Até o mais ferrenho defensor do “futebol raiz” e contra o futebol moderno consegue admitir que a qualidade técnica do futebol sul-americano caiu imensamente nos últimos anos. Dá para achar uma série de fatores para isso, com a péssima gestão dos clubes e saída de talento jovem como as mais claras.
Mas o futebol brasileiro e argentino, apesar de todos os golpes auto-infligidos, conseguiu manter algo que é muito difícil de conquistar: respeito. O Brasil, depois do 7 a 1, chegou na Copa seguinte como favorito para as casas de apostas e analistas. A Argentina, que não joga bola desde que Maradona tinha menos de 80 kg, continua sendo considerada entre as maiores.
O tijolo ou seja lá o que tenha sido que quebrou o vidro do ônibus do Boca não destruiu só a janela, mas também esse respeito. Foi, talvez, um golpe que não permite recuperação.
A atenção criada e a decepção gerada
Na análise pré-jogo eu brinquei que a mídia argentina pegou opinião sobre o superclássico mais importante da história até de quem estava sumido. Até Rivaldo teve destaque dando seu pitaco, ele que normalmente é um cara anti-holofote.
Não acho que para algo futebolístico que não seja europeu só é válido se aceito pelos europeus, mas foi interessante ver como jogadores e treinadores como Gianluigi Buffon e Ernesto Valverde (treinador do Barcelona) mostraram interesse pela final e o que aconteceria nos gramados da Bombonera e Monumental de Núñez.
Voltando ao comentário que fiz sobre torcedores raiz e contra o futebol moderno, a Libertadores é uma competição valorizada porque ainda mantém uma aura mística que se perdeu nas principais ligas europeias. Estádios antigos sem zonas VIP, torcidas que jogam junto, jogadores que se envolvem de forma mais umbilical com suas equipes e torcedores.
Mas é um erro achar que isso é uma escolha.
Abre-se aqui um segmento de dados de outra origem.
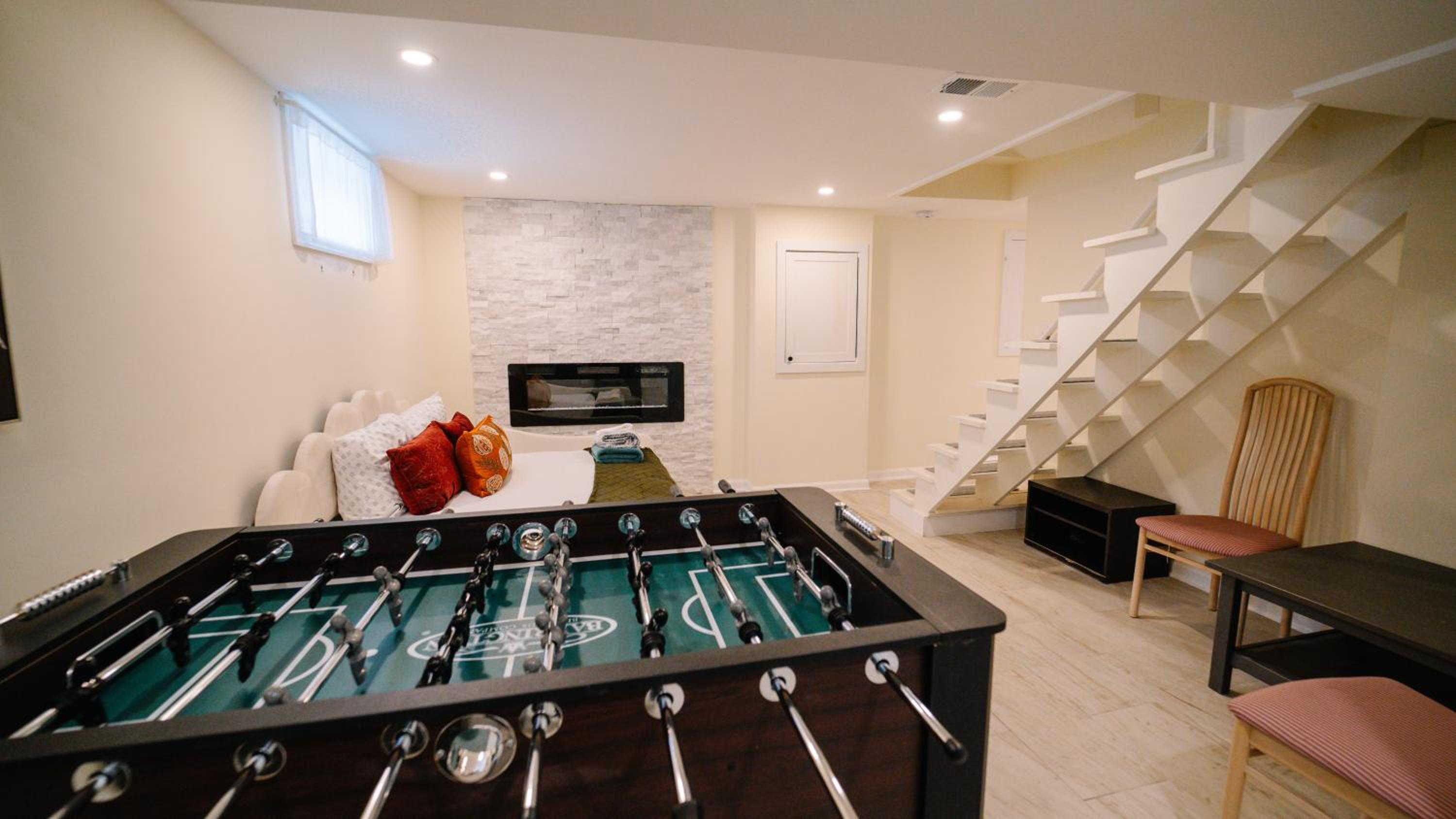 activities & amenities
Os estádios são antigos e mal-tratados porque dirigentes e profissionais ligados nunca souberam tratar patrimônio e valorizar a marca. Isso é diferente de explorar a torcida.
As torcidas são um espetáculo à parte, é verdade. Mas elas também são protegidas e financiadas pelos meios mais escusos, blindando inclusive atividades criminosas. E jogadores se envolvem de forma mais direta, mas também são chantageados e precisam pagar caixinhas para essas torcidas.
E essa é a tragédia da final: o palco foi criado para mostrar dois times hiper-tradicionais, campeões do mundo, celeiros de craques e protagonistas de uma rivalidade incrível. Os jogos terem sido marcados para o sábado à tarde era ideal para alcançar ainda mais públicos no mundo.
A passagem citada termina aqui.